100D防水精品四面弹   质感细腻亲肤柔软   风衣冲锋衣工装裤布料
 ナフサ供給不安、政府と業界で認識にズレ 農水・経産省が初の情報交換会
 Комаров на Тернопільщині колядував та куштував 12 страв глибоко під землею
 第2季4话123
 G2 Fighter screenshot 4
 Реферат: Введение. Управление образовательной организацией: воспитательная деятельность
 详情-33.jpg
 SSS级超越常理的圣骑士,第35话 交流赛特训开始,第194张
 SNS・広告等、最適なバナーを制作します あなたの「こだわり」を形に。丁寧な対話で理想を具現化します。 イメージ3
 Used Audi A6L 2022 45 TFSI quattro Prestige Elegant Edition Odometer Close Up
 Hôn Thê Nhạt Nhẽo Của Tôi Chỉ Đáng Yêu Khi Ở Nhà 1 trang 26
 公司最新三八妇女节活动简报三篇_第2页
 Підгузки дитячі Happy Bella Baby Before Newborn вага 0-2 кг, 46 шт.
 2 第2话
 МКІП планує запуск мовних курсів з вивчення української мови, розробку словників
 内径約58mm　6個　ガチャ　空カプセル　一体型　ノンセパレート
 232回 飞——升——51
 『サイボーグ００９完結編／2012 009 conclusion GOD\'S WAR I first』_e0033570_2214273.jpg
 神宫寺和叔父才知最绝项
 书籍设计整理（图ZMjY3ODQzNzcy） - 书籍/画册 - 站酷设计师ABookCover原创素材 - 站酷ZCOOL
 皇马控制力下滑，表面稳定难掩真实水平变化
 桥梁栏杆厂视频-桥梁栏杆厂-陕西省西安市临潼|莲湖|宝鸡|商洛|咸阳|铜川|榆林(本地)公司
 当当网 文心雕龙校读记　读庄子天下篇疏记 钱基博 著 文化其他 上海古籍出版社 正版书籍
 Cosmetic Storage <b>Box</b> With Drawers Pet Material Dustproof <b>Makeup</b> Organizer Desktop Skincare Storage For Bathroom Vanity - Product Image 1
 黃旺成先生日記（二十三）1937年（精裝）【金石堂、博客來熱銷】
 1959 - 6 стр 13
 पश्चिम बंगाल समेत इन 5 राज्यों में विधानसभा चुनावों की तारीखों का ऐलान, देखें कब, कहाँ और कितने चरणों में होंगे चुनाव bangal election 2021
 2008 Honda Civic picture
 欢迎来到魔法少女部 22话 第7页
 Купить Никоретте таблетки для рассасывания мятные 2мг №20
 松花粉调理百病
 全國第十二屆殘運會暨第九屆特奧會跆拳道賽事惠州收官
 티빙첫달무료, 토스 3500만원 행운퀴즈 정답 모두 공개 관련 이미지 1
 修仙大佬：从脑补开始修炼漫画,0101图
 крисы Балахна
===
### REQUIREMENT
Using the data above, reproduce exactly the lines from the line that contains "内径約58mm　6個　ガチャ　空カプセル　一体型　ノンセパレート" through the line that contains "全國第十二屆殘運會暨第九屆特奧會跆拳道賽事惠州收官", including both.

### THE ANSWER
 内径約58mm　6個　ガチャ　空カプセル　一体型　ノンセパレート
 232回 飞——升——51
 『サイボーグ００９完結編／2012 009 conclusion GOD\'S WAR I first』_e0033570_2214273.jpg
 神宫寺和叔父才知最绝项
 书籍设计整理（图ZMjY3ODQzNzcy） - 书籍/画册 - 站酷设计师ABookCover原创素材 - 站酷ZCOOL
 皇马控制力下滑，表面稳定难掩真实水平变化
 桥梁栏杆厂视频-桥梁栏杆厂-陕西省西安市临潼|莲湖|宝鸡|商洛|咸阳|铜川|榆林(本地)公司
 当当网 文心雕龙校读记　读庄子天下篇疏记 钱基博 著 文化其他 上海古籍出版社 正版书籍
 Cosmetic Storage <b>Box</b> With Drawers Pet Material Dustproof <b>Makeup</b> Organizer Desktop Skincare Storage For Bathroom Vanity - Product Image 1
 黃旺成先生日記（二十三）1937年（精裝）【金石堂、博客來熱銷】
 1959 - 6 стр 13
 पश्चिम बंगाल समेत इन 5 राज्यों में विधानसभा चुनावों की तारीखों का ऐलान, देखें कब, कहाँ और कितने चरणों में होंगे चुनाव bangal election 2021
 2008 Honda Civic picture
 欢迎来到魔法少女部 22话 第7页
 Купить Никоретте таблетки для рассасывания мятные 2мг №20
 松花粉调理百病
 全國第十二屆殘運會暨第九屆特奧會跆拳道賽事惠州收官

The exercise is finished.